[Date Prev][Date Next][Thread Prev][Thread Next][Date Index][Thread Index][Subject Index][Author Index]
Re: questions about the Odontochelys study
I actually find the bizarre preservation curious, the presence of a
nearly fully formed plastron and unique ribs. All this tell me that dorsal
osteoderms would have been present but were lost. They might simply not
fuse to the ribs in this taxon, especially since neurals are apparently
present.
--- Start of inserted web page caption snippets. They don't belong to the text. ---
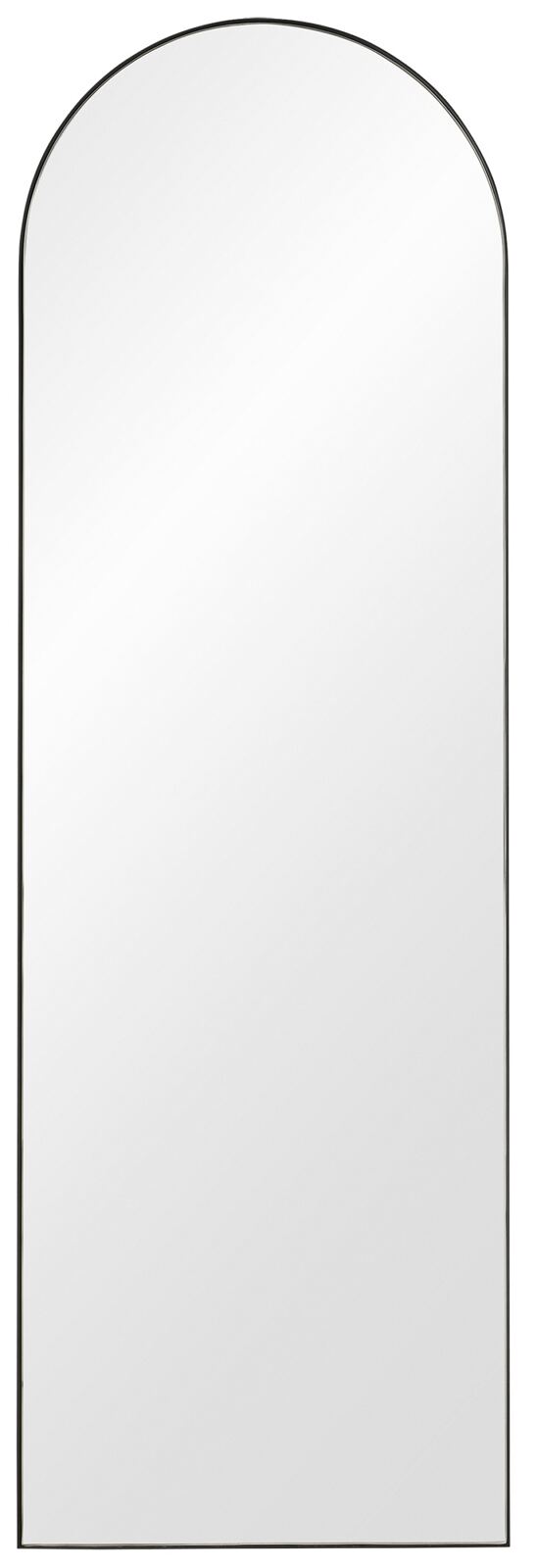 Design Wandspiegel „Arcus“, 45 x 140 cm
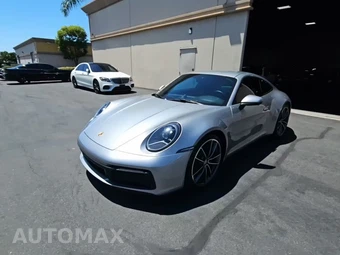 2020 Porsche 911 Carrera (992)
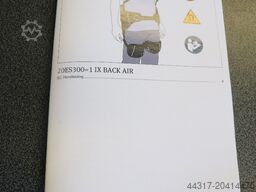 Ottobock Suitix Back Air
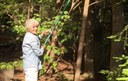 We dedicate the bridge to Marian Crossman We dedicate the bridge to Marian Crossman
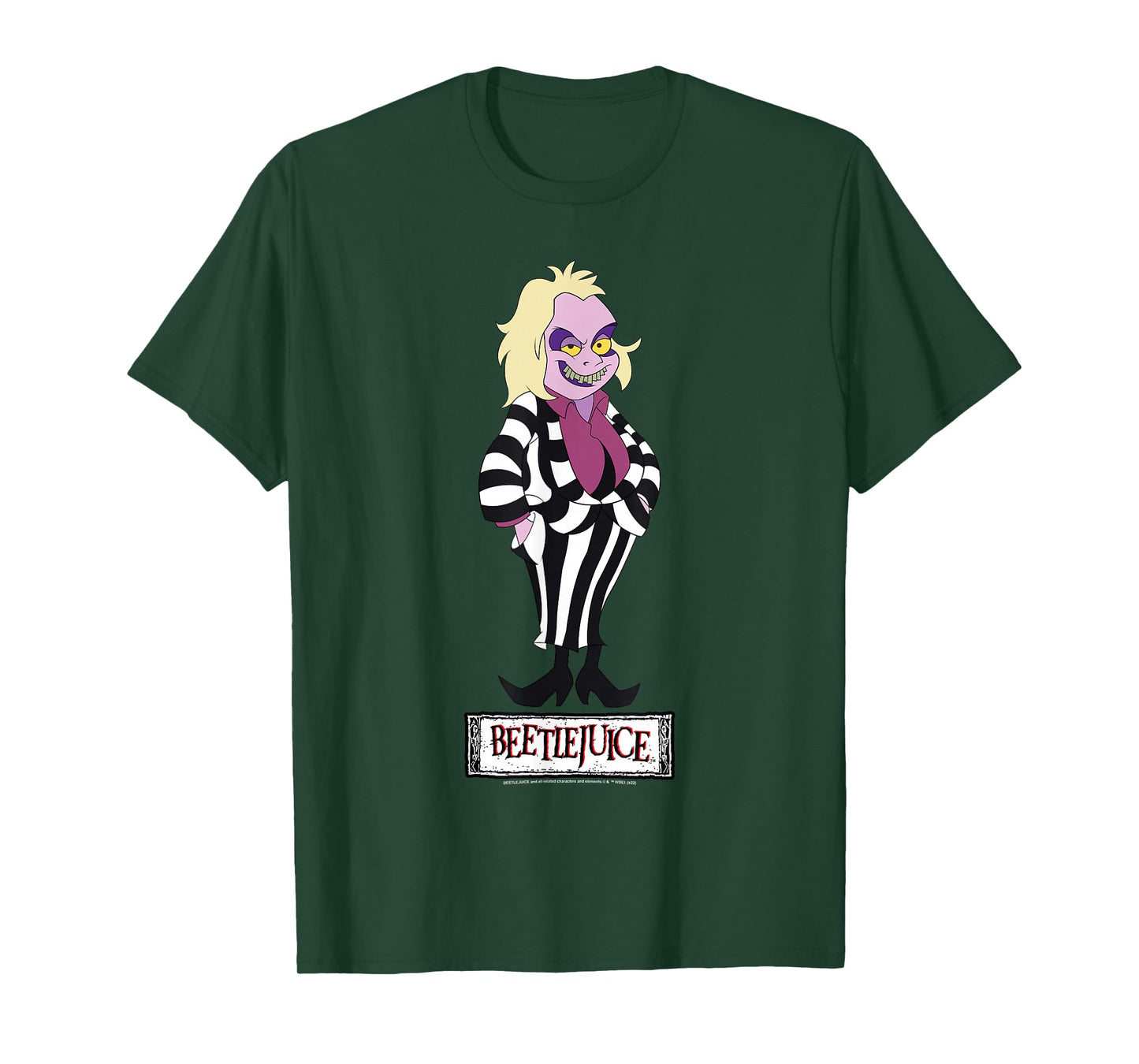 Beetlejuice, Beetlejuice! T-Shirt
This seems if anything counter to the original presentation of
dorsally bare but ventrally intact armor.
As I mentioned before, I think the biggest dorsal osteoderms -- the costal
plates, each of which covers a rib -- _are_ present and fused to the ribs,
rather than the ribs being broadened. (Broadened ribs occur in
*Eunotosaurus* and *Pumiliopareia* and look different.) The difference to
later turtles is that the costal plates are not sutured to each other and
were therefore able to disarticulate (each together with a rib). As you
mention, the neurals are there and apparently made the back as immobile as
if an ordinary carapace had been present. What is really missing are the
peripherals, the nuchal and the pygal.
I also mentioned that Li et al. believe (on arguments from development) that
there are no costal plates in any turtle and instead the ribs are broadened,
and that I disagree based on what their own paper says about the development
of the neurals.
BTW, I find it utterly unsurprising that the plastron develops first in
turtle ontogeny. That's because the _parts_ of the plastron are all
evolutionarily older than the carapace: the plastron consists of the
clavicles, the interclavicle, and the remaining few pairs of gastralia.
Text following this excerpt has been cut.